**Problem to solve**. All that is wanted is the lines from the first line of the listing below through the line containing "Unicorn Retro Birthday", written out exactly with pictures left out.

--- Data in this exercise Enclosed Below ---

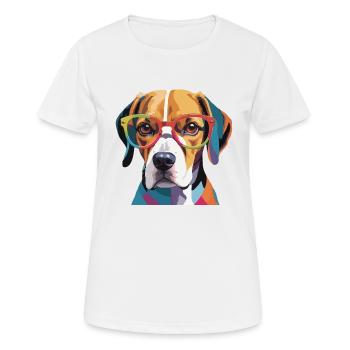 Beagle Dog Cool with Glasses - Women's Breathable T-Shirt - white - Front - AI Model Female 172 dark (172cm)
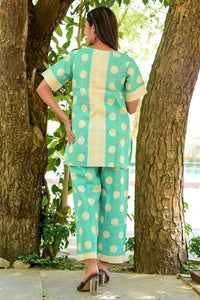 Green Big Polka Loungewear Set - Navvi.in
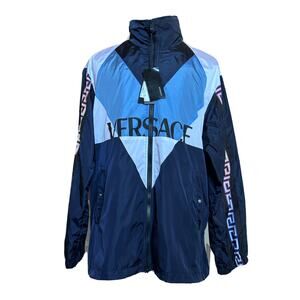 Versace Mens Nylon Jacket Windbreaker Blue 48 (M - oversized) 1001030 NWT $1295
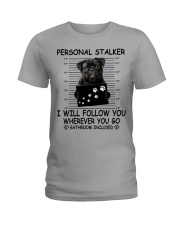 Personal Stalker - BLACK Pug Ladies T-Shirt tile
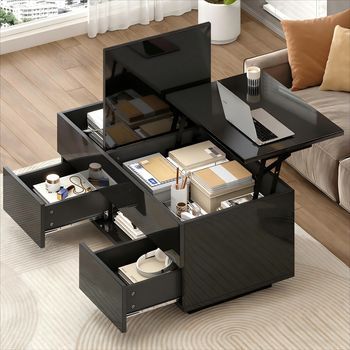 Mesa De Centro Elevable Negra Brillante Con Led, 100 X 45 X 43 Cm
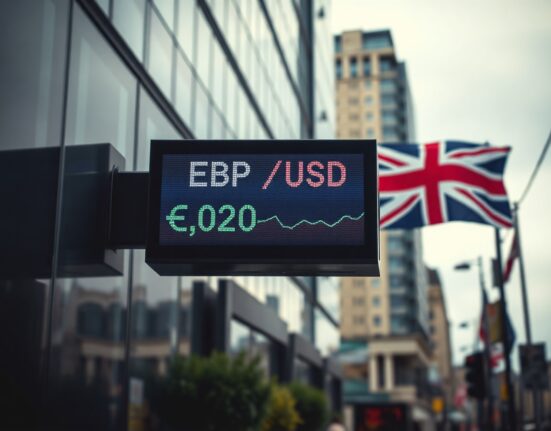 Currency exchange board showing GBP/USD rate with US and UK flags in background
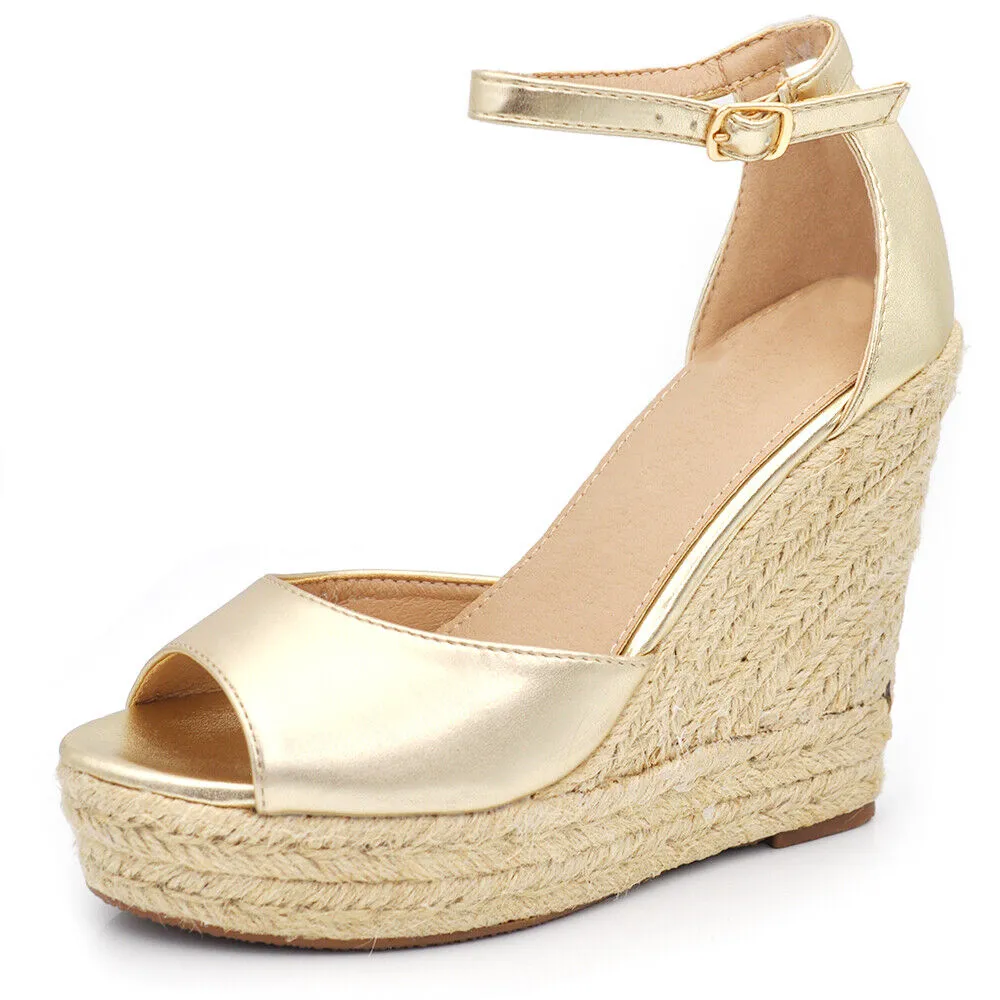 Scarpe Sandali Espadrillas Da Donna Con Platform Zeppa Corda Cinturino X7M0096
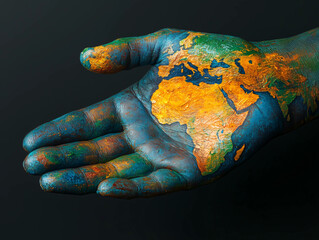 A human hand painted with a world map, symbolizing global unity, world cooperation, and interconnectedness on a dark background.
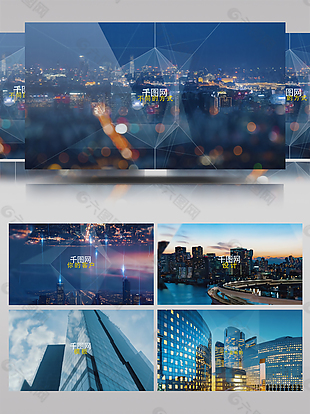 AE城市风景图片切换不规则线条元素幻灯片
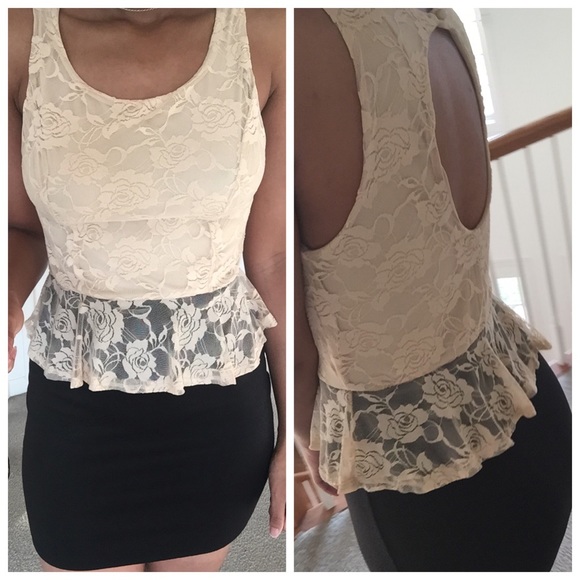 Tan lace with a black bottom Dress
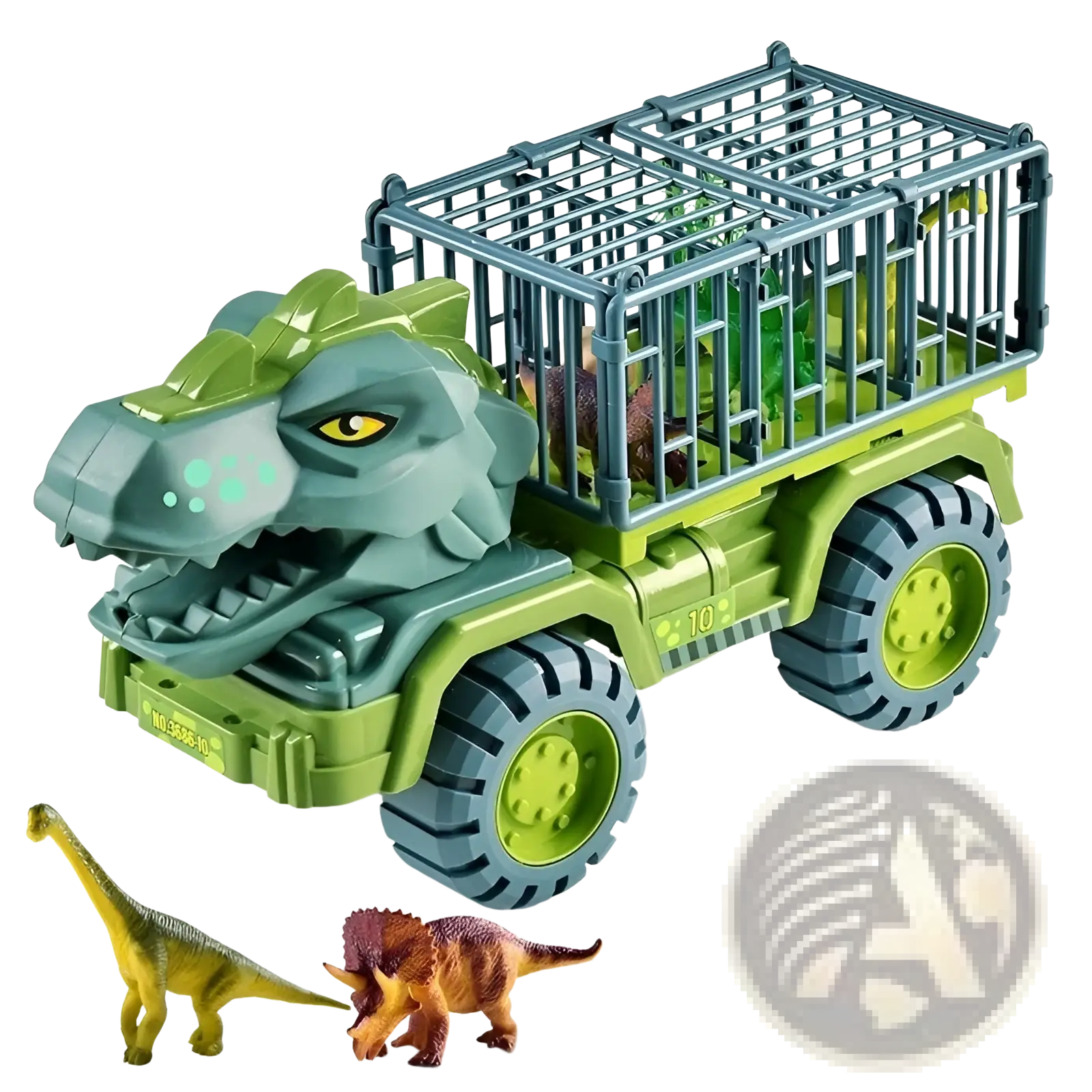 Green plastic tyrannosaurus rex-themed toy truck with cage trailer carrying dinosaur figures for storage and transport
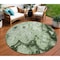 Homeroots 8' Artichoke Green And Emerald Round Abstract Washable Indoor Outdoor Area Rug 577153 - alternate 1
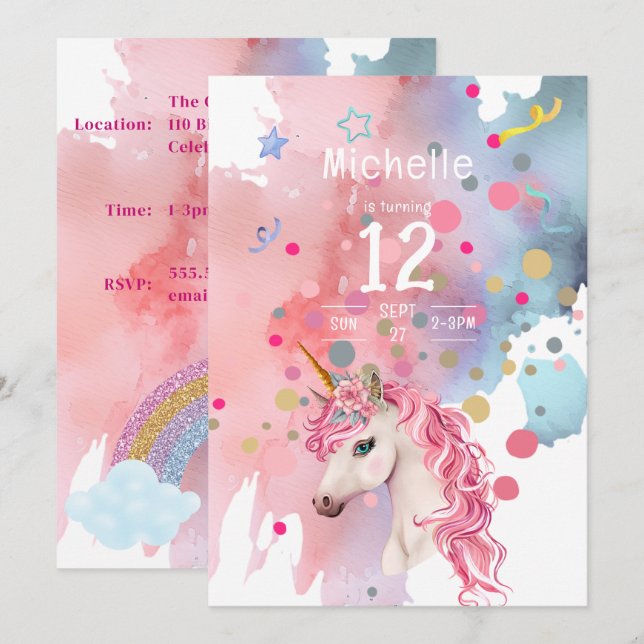 Unicorn Retro Birthday Invitation (Front/Back)
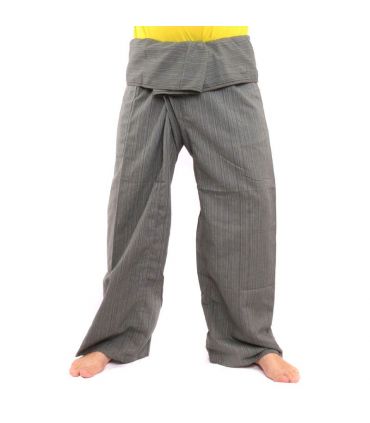 Pantalon de pêcheur thaïlandais Cottonmix extra long - gris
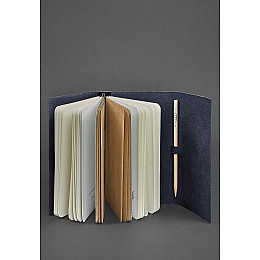 Кожаный блокнот (Софт-бук) 1.0 Темно-синий Краст BlankNote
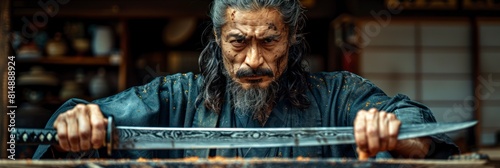 Japanese blacksmith forging a traditional Japanese tanto dagger photo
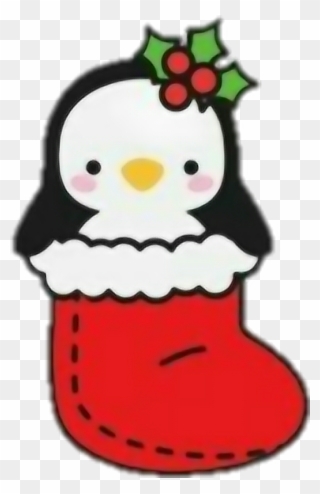 #penguin #stocking #holly #mistletoe #christmas Clipart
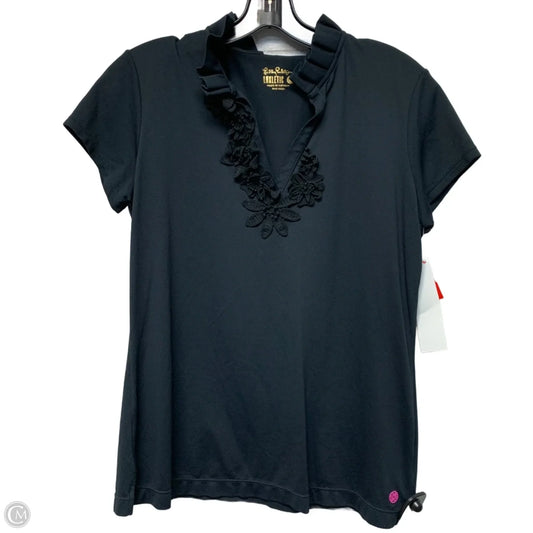 Top Short Sleeve Designer By Lilly Pulitzer In Black, Size: M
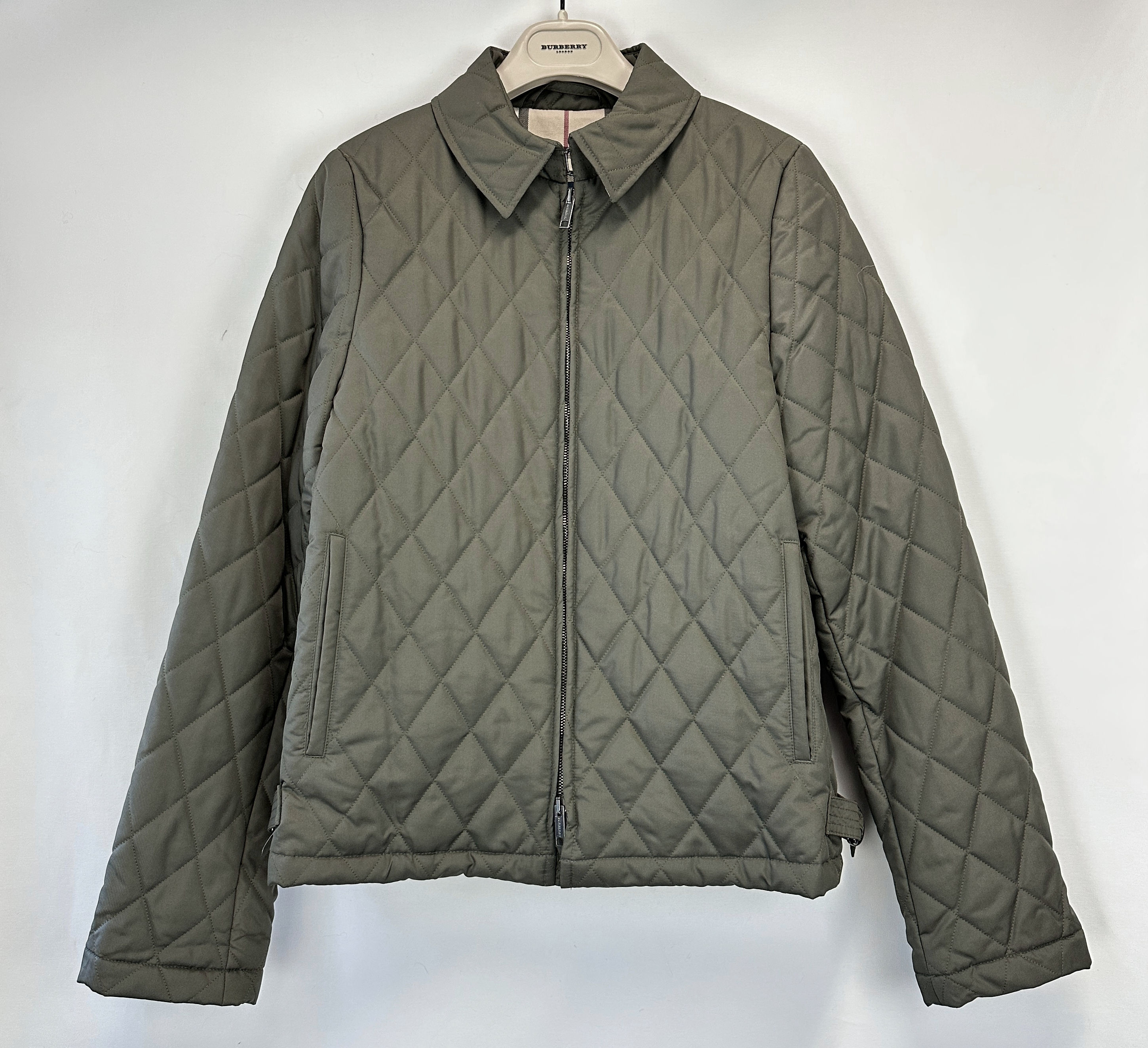 BURBERRY London Diamond Quilted Jacket Small Olive Green Nova Lining S Classic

--- End of Enclosed Data in this exercise ---

**Answer for this exercise**.
 Beagle Dog Cool with Glasses - Women's Breathable T-Shirt - white - Front - AI Model Female 172 dark (172cm)
 Green Big Polka Loungewear Set - Navvi.in
 Versace Mens Nylon Jacket Windbreaker Blue 48 (M - oversized) 1001030 NWT $1295
 Personal Stalker - BLACK Pug Ladies T-Shirt tile
 Mesa De Centro Elevable Negra Brillante Con Led, 100 X 45 X 43 Cm
 Currency exchange board showing GBP/USD rate with US and UK flags in background
 Scarpe Sandali Espadrillas Da Donna Con Platform Zeppa Corda Cinturino X7M0096
 A human hand painted with a world map, symbolizing global unity, world cooperation, and interconnectedness on a dark background.
 AE城市风景图片切换不规则线条元素幻灯片
 Tan lace with a black bottom Dress
 Green plastic tyrannosaurus rex-themed toy truck with cage trailer carrying dinosaur figures for storage and transport
 Homeroots 8' Artichoke Green And Emerald Round Abstract Washable Indoor Outdoor Area Rug 577153 - alternate 1
 Unicorn Retro Birthday Invitation (Front/Back)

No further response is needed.